Birçok şarkısında olduğu gibi “Seni Soruyorlar” şarkısının da söz, beste ve düzenlemesine imzasını atan başarılı müzisyen, şarkının klip çekimi için Elif Demiralp'in objektifinin karşısına geçti. Projenin prodüktörlüğünü ise Büşra Pekin ve Ersay Üner üstlendi.
Ersay Üner, biten bir ilişkinin ardından gelen sorular ve bu durumun yaşattığı zorluk üzerine yazdığını söylediği “Seni Soruyorlar” şarkısını kendi diliyle şu şekilde ifade ediyor: ''Biten bir ilişkinin ardından cevaplanması en zor şeylerden biri: Eşin, dostun ve çevrendeki insanların ilişkinin neden bittiğine dair sorduğu sorularıdır. Bu sorunun cevabını henüz kendine bile verememişken ve ilişkiyi hatırlamaya dahi çekinirken; günlük bir sohbetin içinde, aniden karşımıza çıkan bu sorular hepimizin hayatında yaşadığı ve bir gün yaşayabileceği bir durum. Ben de şarkımda bu durumu anlatıyorum.''
Yeni nesil “Çocuk Gözler”
Türkiye’nin Elvis Presley’i olarak anılan, pop müzik tarihinin yıldız ismi Ersan Erdura, ilk kez 1977 yılında yayımlanan “Çocuk Gözler – Yalnız Değilsin” adlı 45’lik plağında seslendirdiği, “Çocuk Gözler” isimli şarkısı için 44 yıl sonra stüdyoya girdi. Ersan Erdura, geçen 44 yılın ardından aynı şarkıyı, aynı tonda, aynı seste yeniden okudu. “Çocuk Gözler” müzik dünyasının önemli DJ’lerinden Can Hatipoğlu tarafından düzenlendi.
Ossi Müzik’in, klasikleşen şarkıları yeni nesille buluşturma projesi kapsamında DJ Can Hatipoğlu ile yola çıktığı projenin beşinci single’ı olan “Çocuk Gözler” in 70’li yılların ruhu korunarak, günümüz soundları ile sunulan yeni düzenlenmesi tüm dijital müzik platformları aracılığıyla müzikseverlerle buluştu. Ersan Erdura müthiş bir sestir. “Çocuk Gözler” ise bir döneme damgasını vuran bir klasik. Bence bu şarkının yeni nesille bu şekilde buluşması çok iyi olmuş. Mutlaka dinlemek lazım.
Hem yazdı hem söyledi
Ebru Elver’in, sözü ve müziği kendisine ait olan, aynı zamanda yönetmenliğini kendisinin yaptığı, aranjesini Olcay Demirci’in üstlendiği ve görüntü yönetmenliğini Murat Tuncel’in yaptığı “Gelsene Yanıma” adlı şarkısı Azka Müzik etiketiyle tüm dijital platformlarda yayınlandı.
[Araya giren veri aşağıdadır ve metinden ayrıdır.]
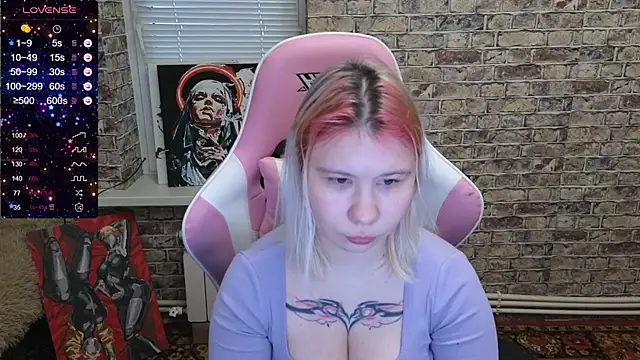 Snapshot of Little_kitsune1707 chatting on November 23, 7:19 am Little kitsune1707 online show from November 23, 7:19 am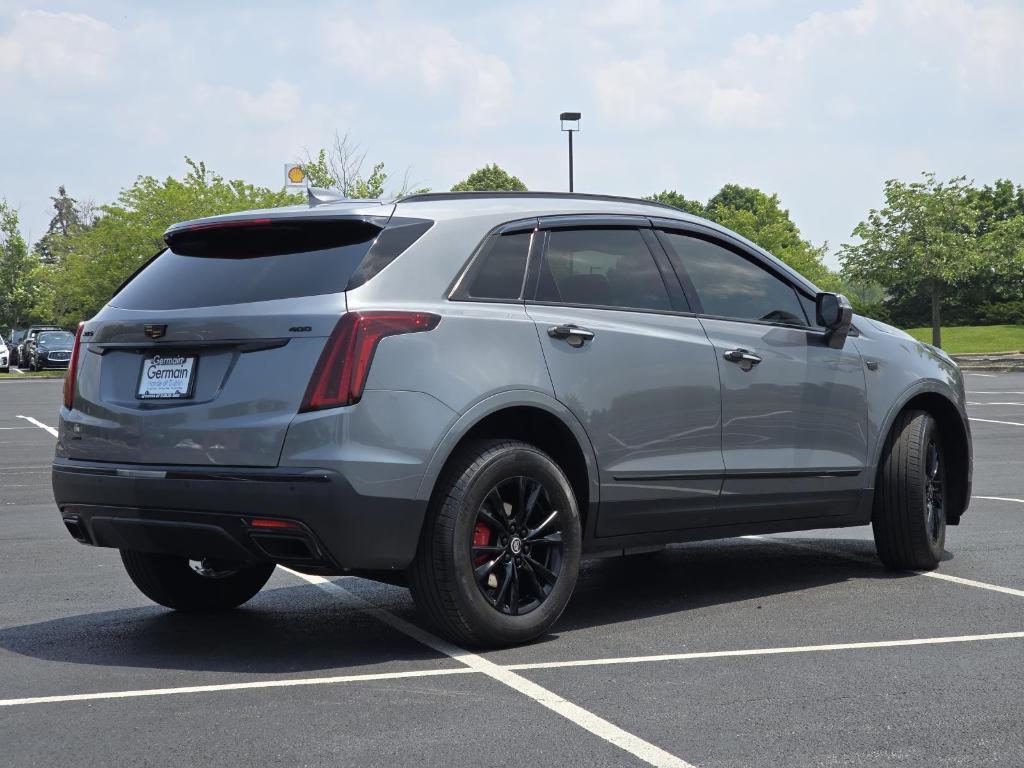 used 2022 Cadillac XT5 car, priced at $35,000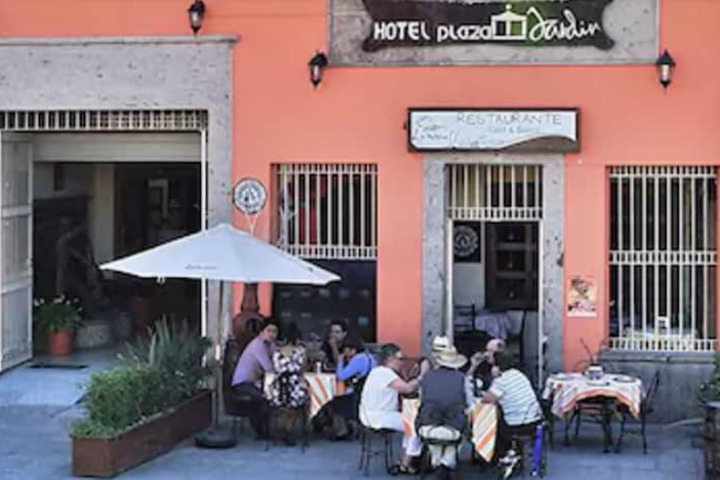 Hotel Plaza Jardín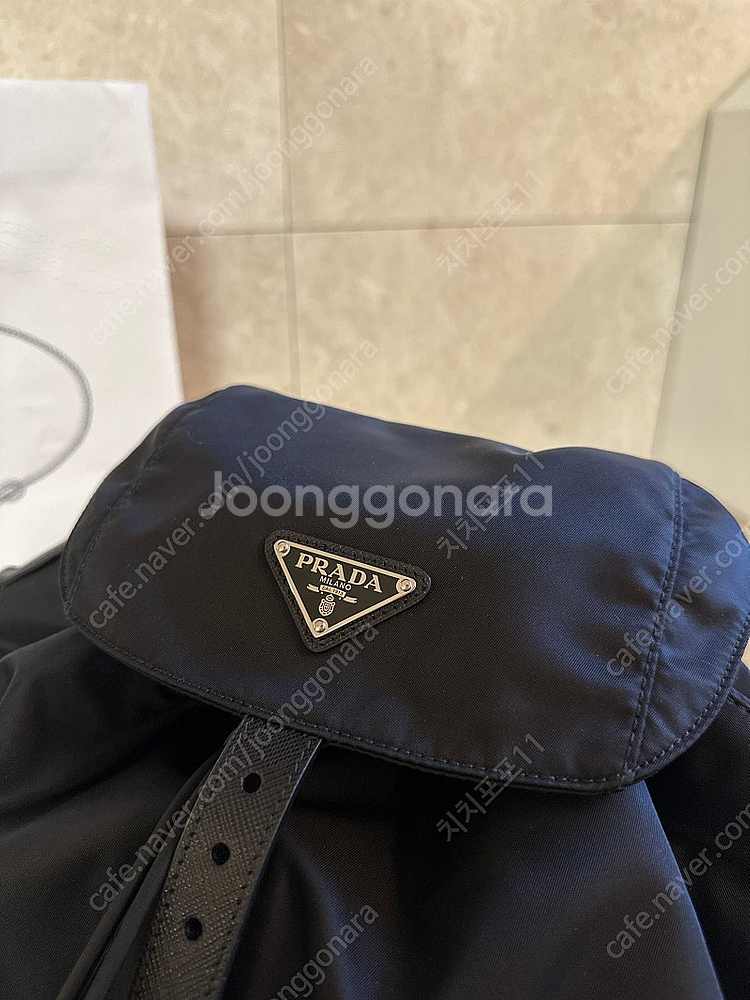 프라다 백팩 미디움 새상품 파우치 포함 풀구성--2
Müziğe küçük yaşlarda başlayan ve Onur Mete, Bülent Özdemir, Ercüment Vural gibi ünlü isimlerle “Duo Sahne Projeleri” gerçekleştiren Ebru Elver geçen yıl kendi hayatını kaleme aldığı “İçimdeki Saklı Cennet” kitabını da yazmıştı.
Kovid-19 tedbirleri kapsamında sosyal mesafe ve hijyen kurallarını dikkate alarak, kısıtlı bir ekiple klip çekimini gerçekleştiren Ebru Elver, yeni şarkısında çok iddialı olduğunun altını çiziyor.